RECORDED INFORMATION>
□ □ □
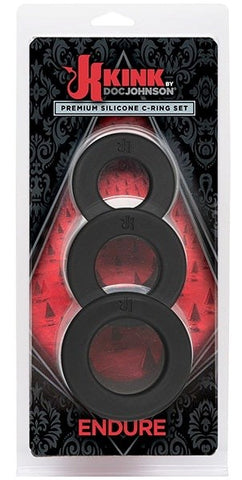 Kink Endure Silicone C-Ring Set Black - Stretchy Cock Rings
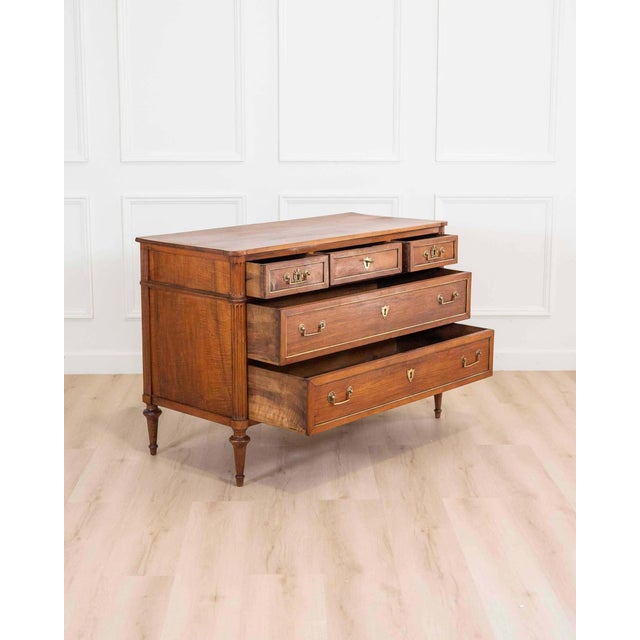 Brown Louis XVI Walnut Chest Of Drawers Circa 1780 For Sale - Image 8 of 8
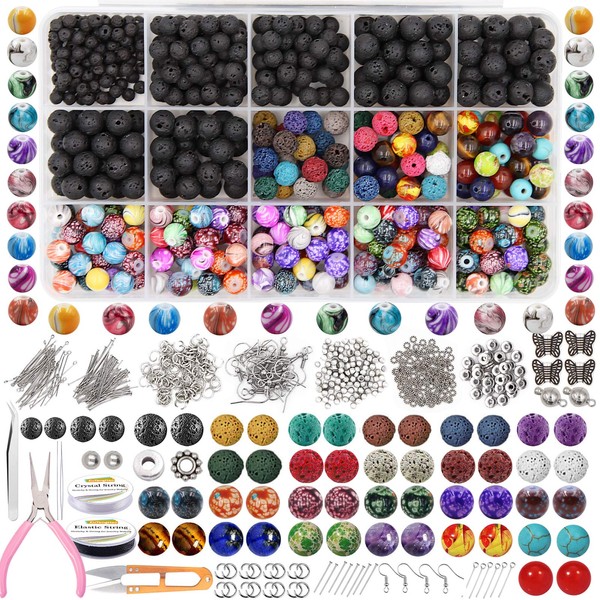EuTengHao 846 Pieces Lava Stone Beads Rock Loose Beads Cloisonne Beads Kit with Ink Patterns Chakra Beads Spacer Pendant Beads for Diffuser Essential Oils Adult DIY Bracelet Jewellery Making Supplies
□ □ □
PROBLEM TO SOLVE>
Nothing but the text of the listing should be set down, exactly, with the pictures left behind.

ANSWER>
 Kink Endure Silicone C-Ring Set Black - Stretchy Cock Rings
 Brown Louis XVI Walnut Chest Of Drawers Circa 1780 For Sale - Image 8 of 8
EuTengHao 846 Pieces Lava Stone Beads Rock Loose Beads Cloisonne Beads Kit with Ink Patterns Chakra Beads Spacer Pendant Beads for Diffuser Essential Oils Adult DIY Bracelet Jewellery Making Supplies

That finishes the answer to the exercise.